Vaccines

November 6, 2023

Children’s antibodies highly potent against COVID-19: study

Reporting Nov. 6 in Cell Reports Medicine, Ivelin Georgiev, PhD, and colleagues demonstrated that antibodies isolated from children’s blood samples displayed high levels of neutralization and potency against variants of the COVID-19 virus, SARS-CoV-2, even when the children had not previously been exposed to or vaccinated against those variants.

Graduate student Steven Wall Jr. and Ivelin Georgiev, PhD. Photo by Donn Jones

Children are an underutilized source of potential antibody therapies to counteract the “ever-evolving” COVID-19 pandemic, according to researchers at Vanderbilt University Medical Center.

Reporting Nov. 6 in Cell Reports Medicine, Ivelin Georgiev, PhD, and colleagues demonstrated that antibodies isolated from children’s blood samples displayed high levels of neutralization and potency against variants of the COVID-19 virus, SARS-CoV-2, even when the children had not previously been exposed to or vaccinated against those variants.

“These results indicate that children’s samples can play an important role in the discovery of effective SARS-CoV-2 antibody therapeutics,” the researchers concluded.

This is important because, while monoclonal antibodies developed at VUMC and elsewhere initially were quite effective in neutralizing SARS-CoV-2, the virus’ ability to mutate rapidly has enabled it to escape from every monoclonal antibody product currently on the market.

It is crucial to find antibodies that can broadly neutralize all variants of the virus, said Georgiev, the paper’s corresponding author, and associate professor of Pathology, Microbiology & Immunology, Biomedical Informatics, Chemical and Biomolecular Engineering, and Computer Science at Vanderbilt.

Children have been thought to be unlikely sources for new antibody therapies because their immune systems are immature, and they tend to be more susceptible to severe viral illnesses including those caused by influenza, respiratory syncytial virus (RSV), and human metapneumovirus.

When it comes to SARS-CoV-2, however, children experience significantly less severe disease compared to adults.

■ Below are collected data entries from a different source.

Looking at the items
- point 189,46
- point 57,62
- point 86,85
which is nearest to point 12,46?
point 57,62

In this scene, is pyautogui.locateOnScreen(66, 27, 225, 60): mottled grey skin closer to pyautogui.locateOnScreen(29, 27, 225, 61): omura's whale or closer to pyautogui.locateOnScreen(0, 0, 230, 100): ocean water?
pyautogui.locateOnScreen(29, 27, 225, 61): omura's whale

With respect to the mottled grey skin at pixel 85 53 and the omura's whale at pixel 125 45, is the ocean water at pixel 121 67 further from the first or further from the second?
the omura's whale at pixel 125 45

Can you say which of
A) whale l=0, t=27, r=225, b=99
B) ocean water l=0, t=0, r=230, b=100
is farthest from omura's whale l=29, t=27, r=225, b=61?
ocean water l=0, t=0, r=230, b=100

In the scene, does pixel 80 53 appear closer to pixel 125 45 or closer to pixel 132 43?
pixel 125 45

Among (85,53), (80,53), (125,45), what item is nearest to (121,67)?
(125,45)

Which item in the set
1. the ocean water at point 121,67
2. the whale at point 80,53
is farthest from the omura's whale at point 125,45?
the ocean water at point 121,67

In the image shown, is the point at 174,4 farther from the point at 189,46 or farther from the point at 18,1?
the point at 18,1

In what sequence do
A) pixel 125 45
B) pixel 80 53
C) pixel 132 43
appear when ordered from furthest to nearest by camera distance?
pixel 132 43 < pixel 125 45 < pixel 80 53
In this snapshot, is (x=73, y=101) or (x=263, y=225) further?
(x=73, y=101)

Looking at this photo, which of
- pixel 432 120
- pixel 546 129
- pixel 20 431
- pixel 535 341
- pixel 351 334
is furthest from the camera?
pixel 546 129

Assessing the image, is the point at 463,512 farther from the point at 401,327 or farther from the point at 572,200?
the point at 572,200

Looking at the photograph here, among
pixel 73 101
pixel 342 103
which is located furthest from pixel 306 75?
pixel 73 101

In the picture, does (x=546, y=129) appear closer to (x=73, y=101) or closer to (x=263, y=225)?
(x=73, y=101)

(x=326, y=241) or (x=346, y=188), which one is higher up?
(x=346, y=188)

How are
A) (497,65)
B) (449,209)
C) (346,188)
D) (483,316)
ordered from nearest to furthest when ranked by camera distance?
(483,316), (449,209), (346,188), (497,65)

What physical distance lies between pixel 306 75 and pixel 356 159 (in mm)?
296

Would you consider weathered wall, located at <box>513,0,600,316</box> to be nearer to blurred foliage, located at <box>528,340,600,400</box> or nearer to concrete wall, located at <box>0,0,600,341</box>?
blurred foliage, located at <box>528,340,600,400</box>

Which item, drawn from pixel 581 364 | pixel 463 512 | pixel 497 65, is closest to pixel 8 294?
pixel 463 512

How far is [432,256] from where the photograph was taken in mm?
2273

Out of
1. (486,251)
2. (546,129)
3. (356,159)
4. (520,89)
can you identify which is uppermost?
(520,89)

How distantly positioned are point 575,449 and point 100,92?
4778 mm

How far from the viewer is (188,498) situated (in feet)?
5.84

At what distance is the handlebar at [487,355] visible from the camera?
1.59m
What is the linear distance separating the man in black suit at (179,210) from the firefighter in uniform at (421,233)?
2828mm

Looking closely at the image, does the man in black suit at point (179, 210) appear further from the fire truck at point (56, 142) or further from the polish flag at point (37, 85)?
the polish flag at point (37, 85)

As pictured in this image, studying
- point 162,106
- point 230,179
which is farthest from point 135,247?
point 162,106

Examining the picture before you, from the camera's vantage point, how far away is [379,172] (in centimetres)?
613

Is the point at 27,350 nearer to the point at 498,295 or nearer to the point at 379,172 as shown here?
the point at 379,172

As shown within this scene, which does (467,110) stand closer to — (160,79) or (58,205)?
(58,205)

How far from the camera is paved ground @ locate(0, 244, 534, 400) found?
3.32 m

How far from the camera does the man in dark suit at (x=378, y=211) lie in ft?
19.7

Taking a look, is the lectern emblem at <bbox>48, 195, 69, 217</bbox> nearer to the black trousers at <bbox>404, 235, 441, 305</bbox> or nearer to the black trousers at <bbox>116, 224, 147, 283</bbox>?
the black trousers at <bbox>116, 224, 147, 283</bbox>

Even when adolescents have severe disease, they are hospitalized less often than adults, require shorter hospital stays, and are less likely to die from COVID-related complications.

In the VUMC study, blood samples from children ages 5 months to 18 years old were collected between July and August 2021, and divided into two groups: those with no known exposure to SARS-CoV-2 infection or vaccination, and those who had been infected or vaccinated.

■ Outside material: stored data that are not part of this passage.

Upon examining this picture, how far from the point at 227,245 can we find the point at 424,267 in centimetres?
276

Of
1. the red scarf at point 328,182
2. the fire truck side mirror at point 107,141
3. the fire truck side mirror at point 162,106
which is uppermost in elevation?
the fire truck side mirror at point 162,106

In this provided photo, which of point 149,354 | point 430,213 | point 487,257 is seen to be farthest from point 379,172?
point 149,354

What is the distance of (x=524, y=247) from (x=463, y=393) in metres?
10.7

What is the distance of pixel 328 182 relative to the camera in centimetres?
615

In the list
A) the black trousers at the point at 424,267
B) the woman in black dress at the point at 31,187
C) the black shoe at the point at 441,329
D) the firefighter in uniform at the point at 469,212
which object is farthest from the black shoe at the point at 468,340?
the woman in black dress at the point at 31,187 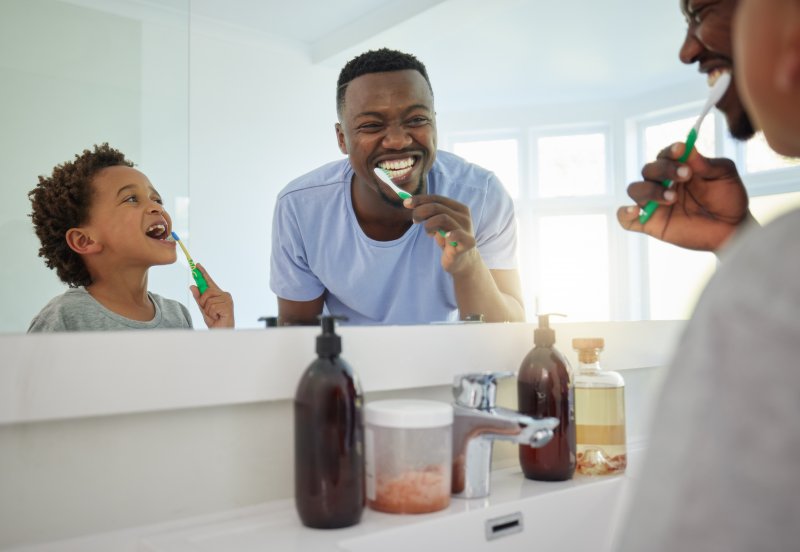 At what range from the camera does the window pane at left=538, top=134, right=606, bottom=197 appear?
136 inches

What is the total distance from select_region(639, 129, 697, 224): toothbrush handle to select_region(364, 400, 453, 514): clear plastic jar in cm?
43

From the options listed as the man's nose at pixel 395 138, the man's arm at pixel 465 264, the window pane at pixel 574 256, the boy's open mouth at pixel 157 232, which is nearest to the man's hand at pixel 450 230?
the man's arm at pixel 465 264

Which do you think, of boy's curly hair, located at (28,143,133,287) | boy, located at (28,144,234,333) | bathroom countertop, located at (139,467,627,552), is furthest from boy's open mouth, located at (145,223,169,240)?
bathroom countertop, located at (139,467,627,552)

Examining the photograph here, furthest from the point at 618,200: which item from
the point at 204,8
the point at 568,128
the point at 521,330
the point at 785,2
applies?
the point at 785,2

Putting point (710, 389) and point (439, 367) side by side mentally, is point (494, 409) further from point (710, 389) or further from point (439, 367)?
point (710, 389)

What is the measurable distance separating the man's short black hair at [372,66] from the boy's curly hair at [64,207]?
0.43 meters

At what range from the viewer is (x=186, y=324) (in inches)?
34.9

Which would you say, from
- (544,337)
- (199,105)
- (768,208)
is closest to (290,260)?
(544,337)

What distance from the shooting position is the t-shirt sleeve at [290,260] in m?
0.98

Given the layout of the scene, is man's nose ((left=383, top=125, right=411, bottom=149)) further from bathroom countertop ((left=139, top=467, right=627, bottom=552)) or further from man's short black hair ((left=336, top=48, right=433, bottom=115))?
bathroom countertop ((left=139, top=467, right=627, bottom=552))

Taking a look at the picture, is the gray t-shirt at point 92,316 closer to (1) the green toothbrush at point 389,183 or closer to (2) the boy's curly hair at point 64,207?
(2) the boy's curly hair at point 64,207

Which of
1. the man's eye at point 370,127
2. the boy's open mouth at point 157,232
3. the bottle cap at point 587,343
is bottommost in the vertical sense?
the bottle cap at point 587,343

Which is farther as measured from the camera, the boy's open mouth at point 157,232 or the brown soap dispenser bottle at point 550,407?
the boy's open mouth at point 157,232

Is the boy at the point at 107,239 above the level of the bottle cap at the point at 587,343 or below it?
above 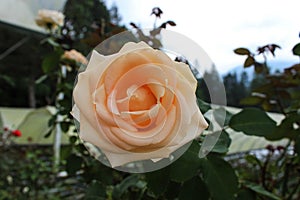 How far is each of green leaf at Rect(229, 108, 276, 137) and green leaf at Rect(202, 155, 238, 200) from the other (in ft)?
0.19

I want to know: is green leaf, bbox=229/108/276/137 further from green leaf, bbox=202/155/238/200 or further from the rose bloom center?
the rose bloom center

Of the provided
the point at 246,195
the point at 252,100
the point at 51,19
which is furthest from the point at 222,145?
the point at 51,19

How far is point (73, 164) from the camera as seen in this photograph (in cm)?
51

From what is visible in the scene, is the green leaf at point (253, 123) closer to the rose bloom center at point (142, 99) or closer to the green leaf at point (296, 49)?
the green leaf at point (296, 49)

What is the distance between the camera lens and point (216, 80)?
0.84ft

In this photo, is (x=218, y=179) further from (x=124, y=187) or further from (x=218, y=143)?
(x=124, y=187)

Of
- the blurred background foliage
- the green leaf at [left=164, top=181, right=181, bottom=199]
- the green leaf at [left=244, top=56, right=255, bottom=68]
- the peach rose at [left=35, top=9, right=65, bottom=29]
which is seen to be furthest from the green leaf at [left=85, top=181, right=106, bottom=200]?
the peach rose at [left=35, top=9, right=65, bottom=29]

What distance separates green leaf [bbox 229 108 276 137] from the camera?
14.2 inches

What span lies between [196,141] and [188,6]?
149 mm

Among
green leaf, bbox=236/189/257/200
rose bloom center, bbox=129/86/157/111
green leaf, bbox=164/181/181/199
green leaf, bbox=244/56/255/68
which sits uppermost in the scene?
rose bloom center, bbox=129/86/157/111

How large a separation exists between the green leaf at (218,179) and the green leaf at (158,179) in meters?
0.04

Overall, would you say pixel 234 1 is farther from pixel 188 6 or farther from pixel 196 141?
pixel 196 141

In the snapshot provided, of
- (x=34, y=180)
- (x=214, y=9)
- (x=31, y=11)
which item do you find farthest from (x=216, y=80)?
(x=31, y=11)

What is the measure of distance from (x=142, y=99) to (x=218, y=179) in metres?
0.16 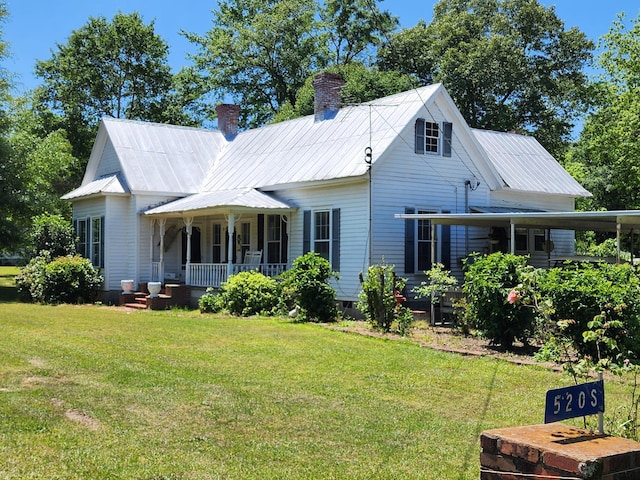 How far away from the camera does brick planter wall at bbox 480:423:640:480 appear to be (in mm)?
3863

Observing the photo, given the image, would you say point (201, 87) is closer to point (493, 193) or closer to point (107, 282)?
point (107, 282)

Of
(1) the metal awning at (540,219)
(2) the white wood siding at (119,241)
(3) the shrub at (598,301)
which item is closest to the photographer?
(3) the shrub at (598,301)

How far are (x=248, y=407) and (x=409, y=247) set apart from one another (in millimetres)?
12378

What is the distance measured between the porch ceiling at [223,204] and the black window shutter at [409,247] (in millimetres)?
3482

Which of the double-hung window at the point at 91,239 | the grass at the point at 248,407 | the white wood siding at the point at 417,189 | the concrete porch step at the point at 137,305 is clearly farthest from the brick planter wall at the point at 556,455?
the double-hung window at the point at 91,239

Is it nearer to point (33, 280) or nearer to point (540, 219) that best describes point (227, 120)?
point (33, 280)

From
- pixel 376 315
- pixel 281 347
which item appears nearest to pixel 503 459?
pixel 281 347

The researchers employed a variety of sophisticated techniques including LIBRA-seq (Linking B-cell Receptor to Antigen Specificity through sequencing), which was developed at VUMC, and which rapidly and efficiently identified multiple neutralizing monoclonal antibodies against SARS-CoV-2 in the samples.

Fluorescence-activated cell sorting, next-generation sequencing, and a computational pipeline enabled high-throughput mapping of the amino-acid sequences of antibodies that bound viral antigens.

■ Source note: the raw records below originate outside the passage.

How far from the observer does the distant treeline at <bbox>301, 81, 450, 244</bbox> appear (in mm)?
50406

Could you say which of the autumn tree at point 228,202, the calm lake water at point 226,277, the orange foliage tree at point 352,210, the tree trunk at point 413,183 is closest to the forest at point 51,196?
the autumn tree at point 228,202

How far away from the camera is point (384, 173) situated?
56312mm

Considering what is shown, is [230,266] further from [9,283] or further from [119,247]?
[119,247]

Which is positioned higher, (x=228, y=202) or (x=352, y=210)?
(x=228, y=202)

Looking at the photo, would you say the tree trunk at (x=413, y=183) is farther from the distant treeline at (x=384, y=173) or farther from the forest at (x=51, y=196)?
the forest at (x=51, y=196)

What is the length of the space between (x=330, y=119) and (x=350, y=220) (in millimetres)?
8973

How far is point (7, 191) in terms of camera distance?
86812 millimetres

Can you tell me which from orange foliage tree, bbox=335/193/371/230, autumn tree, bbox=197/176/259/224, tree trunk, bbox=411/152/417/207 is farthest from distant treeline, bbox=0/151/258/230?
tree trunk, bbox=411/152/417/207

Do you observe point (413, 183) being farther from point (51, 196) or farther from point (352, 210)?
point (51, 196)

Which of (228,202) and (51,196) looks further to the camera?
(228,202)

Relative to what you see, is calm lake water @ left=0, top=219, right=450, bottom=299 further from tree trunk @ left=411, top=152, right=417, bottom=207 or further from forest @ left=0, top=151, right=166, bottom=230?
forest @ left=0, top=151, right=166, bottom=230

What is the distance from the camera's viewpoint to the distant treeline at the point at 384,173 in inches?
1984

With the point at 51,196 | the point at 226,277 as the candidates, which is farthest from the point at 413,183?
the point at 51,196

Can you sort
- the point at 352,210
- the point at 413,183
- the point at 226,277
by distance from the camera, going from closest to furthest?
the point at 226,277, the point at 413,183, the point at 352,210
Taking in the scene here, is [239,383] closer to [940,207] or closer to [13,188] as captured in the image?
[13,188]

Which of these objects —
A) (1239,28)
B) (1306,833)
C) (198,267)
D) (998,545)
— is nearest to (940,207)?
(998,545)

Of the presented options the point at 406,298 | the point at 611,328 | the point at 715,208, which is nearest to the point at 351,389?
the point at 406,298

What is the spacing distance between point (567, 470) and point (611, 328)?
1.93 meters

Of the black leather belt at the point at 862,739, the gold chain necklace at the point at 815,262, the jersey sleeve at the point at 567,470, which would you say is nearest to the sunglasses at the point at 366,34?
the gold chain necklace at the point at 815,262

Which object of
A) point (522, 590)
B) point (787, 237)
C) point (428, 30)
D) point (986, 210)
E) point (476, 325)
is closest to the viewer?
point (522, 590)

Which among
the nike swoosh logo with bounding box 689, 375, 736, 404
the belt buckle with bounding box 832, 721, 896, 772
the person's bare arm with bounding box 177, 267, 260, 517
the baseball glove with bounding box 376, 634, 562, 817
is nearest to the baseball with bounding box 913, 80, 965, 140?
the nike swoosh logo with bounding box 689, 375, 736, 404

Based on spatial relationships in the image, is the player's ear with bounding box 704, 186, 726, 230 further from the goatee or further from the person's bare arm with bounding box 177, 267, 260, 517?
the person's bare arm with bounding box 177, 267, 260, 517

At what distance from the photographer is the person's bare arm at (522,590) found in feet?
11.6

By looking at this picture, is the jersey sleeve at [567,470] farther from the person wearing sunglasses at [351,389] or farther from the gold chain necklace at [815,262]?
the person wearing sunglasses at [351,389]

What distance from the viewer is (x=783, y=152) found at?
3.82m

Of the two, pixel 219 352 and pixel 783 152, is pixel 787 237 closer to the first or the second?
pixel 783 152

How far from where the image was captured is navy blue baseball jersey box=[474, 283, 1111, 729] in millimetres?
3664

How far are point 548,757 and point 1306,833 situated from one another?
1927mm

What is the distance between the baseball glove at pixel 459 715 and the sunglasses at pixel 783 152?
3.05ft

The researchers found that neutralizing antibodies identified in children had similar genetic features to antibodies from adults, and that children use similar mechanisms for neutralizing the COVID-19 virus.

What was surprising was that the antibodies isolated from children potently neutralized SARS-CoV-2 variants that have become resistant to virtually all approved monoclonal antibody therapeutics.

Not only are children a potential source of new therapies against COVID-19, but deciphering their antigen-specific antibody repertoires could prove useful in improving the treatment of other infectious diseases, and the development of next-generation pediatric vaccines, the researchers reported.

Steven Wall, a graduate student in the Georgiev laboratory, was the paper’s first author. VUMC’s Naveenchandra Suryadevara, PhD, and Andrea Shiakolas, PhD, and Changil Kim, PhD, from the Karolinska Institute in Stockholm, Sweden, contributed equally to the paper. Other VUMC co-authors were Clint Holt, Emma Irbe, Perry Wasdin, Yukthi Suresh, Elad Binshtein, PhD, Elaine Chen, PhD, Seth Zost, PhD, Elizabeth Canfield, James Crowe Jr., MD, Mary Ann Thompson-Arildsen, MD, PhD, and Robert Carnahan, PhD.

The research was supported in part by National Institutes of Health grants R01AI131722-S1 and R01AI157155, as well as the Hays Foundation COVID-19 Research Fund, the Mercatus Center “Fast Grants” program at George Mason University, the G. Harold and Leila Y. Mathers Charitable Foundation, the Defense Advanced Research Projects Agency of the U.S. Department of Defense, the Dolly Parton COVID-19 Research Fund at Vanderbilt, and Merck KGaA.

The content is solely the responsibility of the authors and does not necessarily represent the official views of the National Institutes of Health.